Chances are good that if you don’t know what you’re doing, you aren’t using conversion tracking when you sell. So instead, your measure of success is based on fuzzy metrics like clicks, cost per click and CPM. Good luck with that.

A higher percentage of advertisers getting involved right now are doing so because they think they need to. As a result, many will completely screw it up.

[adrotate banner=”43″]

Do This Instead…

Your biggest mistake was assuming you could have a two-month fling with Facebook ads and get any kind of results. The odds are stacked against you.

Instead, you should spend the entire year building a highly engaged — and relevant — community. They know you. They trust you. They’re used to seeing you on Facebook. These people are most likely to buy.
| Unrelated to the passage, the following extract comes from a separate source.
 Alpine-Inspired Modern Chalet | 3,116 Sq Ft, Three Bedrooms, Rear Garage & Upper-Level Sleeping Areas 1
You should spend the year driving traffic to your website. Those who visit your website once are likely to return — but reengaging them is important. By spending money to drive website traffic, this also builds an audience you can remarket to later to build your fan base, increase your email list and sell.

You should spend the year building your email list. Use offers and private groups as carrots to collect email addresses. Email these people throughout the year. When your big sales push comes during the holidays, you’ll be emailing as well as reaching them with Facebook ads.

You should spend the year failing and learning. The holiday season is not the time to figure out what works. If you’re going to dedicate a chunk of your annual ad budget now, you sure as hell better know what group of people you’re targeting, with what message that works best and with the most effective bidding methods.

Facebook advertising is a commitment. To truly succeed, you need to do more than get your feet wet.

You need to swim.

Your Turn

Are you advertising on Facebook this holiday season? What approach are you taking?

Let me know in the comments below!

The post Happy Holidays: The Season of Failing with Facebook Ads appeared first on Jon Loomer Digital.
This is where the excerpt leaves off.